Pero se impone el relato de un buen fin de semana que terminó mal. Al final, varias experiencias bonitas cuajaron en un sentimiento devastador: ¿por qué razón no tengo yo aquello que otros exhiben y dentro de lo que fluyen alegremente? Un matrimonio me recordó que estoy en plan de convivencia y aún no formalizo mi vínculo sentimental, ese desayuno en casa de los padres de mi pareja remitió a mi familia poco estructurada y desunida, la comida en el departamento de unos amigos apuntó a que está lejos la concreción de un patrimonio.

Pensé en un almacén. El que contiene todo aquello que no poseemos, que nos falta; que agolpa carencias, deseos insatisfechos y la vasta gama de vacíos que incitan nuestras envidias. Está mucho más poblado que cualquier otro, inacabable, un laberinto borgiano en el que es muy fácil deambular y perderse. Una suerte de biblioteca de todos los libros que no hemos leído.
El almacén de lo que no tenemos existe en toda mente. Es inevitable visitarlo cuando se hacen balances, cuando el color verde tiñe nuestros sentimientos, tenerlo presente cuando salimos de safari en nuestras fantasías. Acicatea, motiva.

Pero es peligroso convertirlo en nuestro referente y obsesionarnos con sus recovecos, convertirnos en sus guardianes y administradores, invertir demasiadas energías en hacer su inventario y ponerlo permanentemente al día.
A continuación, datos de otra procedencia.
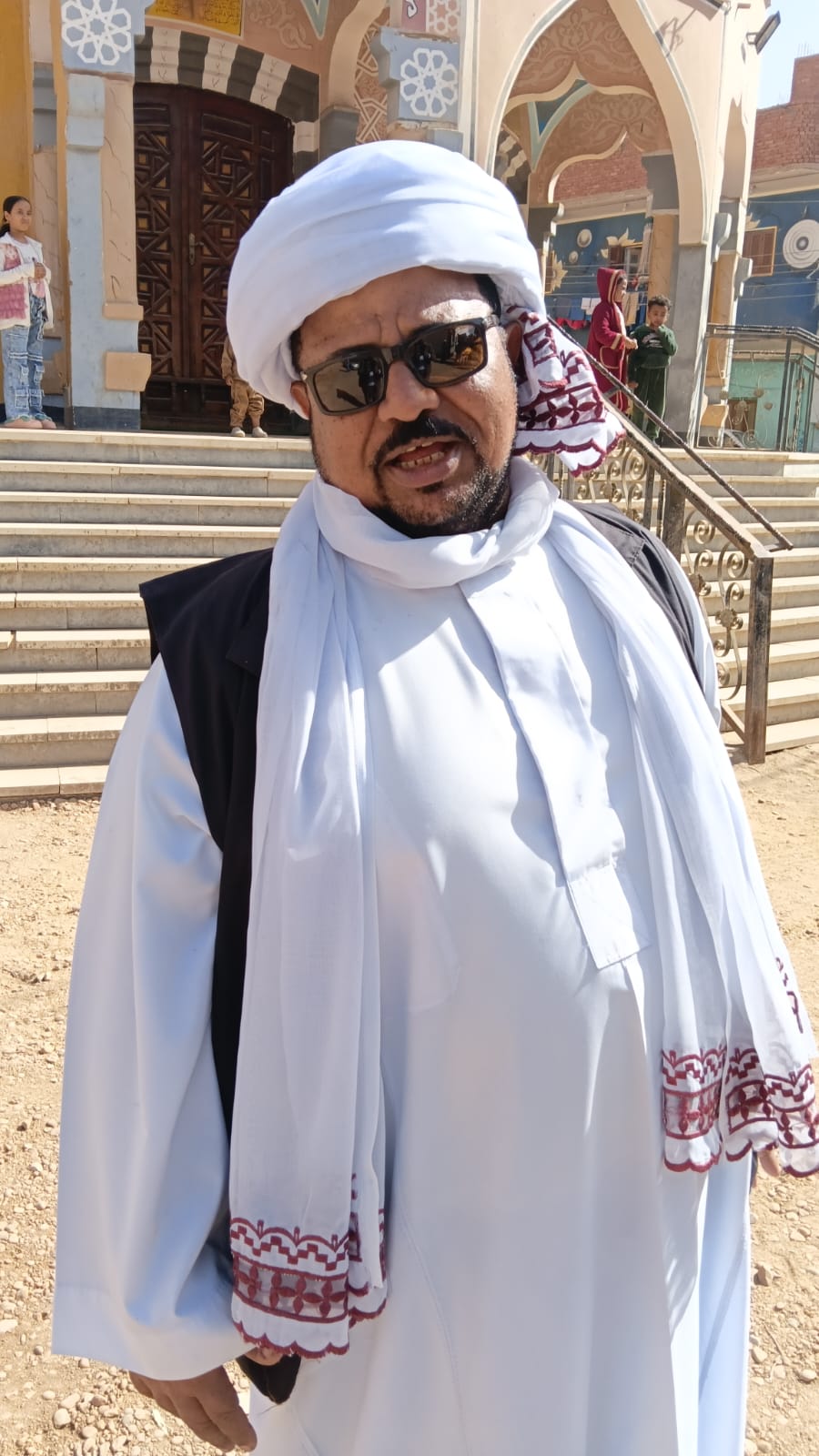 الحاج عمر محمد عمر 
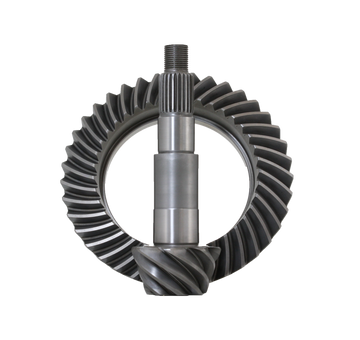 Revolution Gear D44JK-373 - Dana 44 Rear Axle Jeep Wrangler JK 3.73 Ratio Ring and Pinion Revolution Gear 1
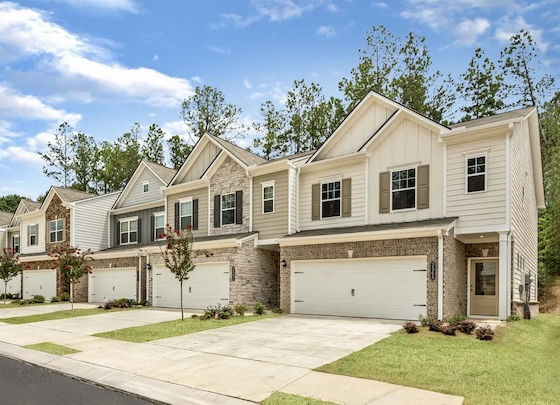New Homes in Bexley Square!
En esos casos nos podemos convertir en reyes de un territorio inacabable al mismo tiempo que prisioneros y rehenes. Y olvidar que hay un lugar más pequeño, con menos ítems, más modesto —el de nuestros recursos, virtudes, defectos, patrimonios materiales y riquezas afectivas— que es donde realmente se juegan nuestras vidas.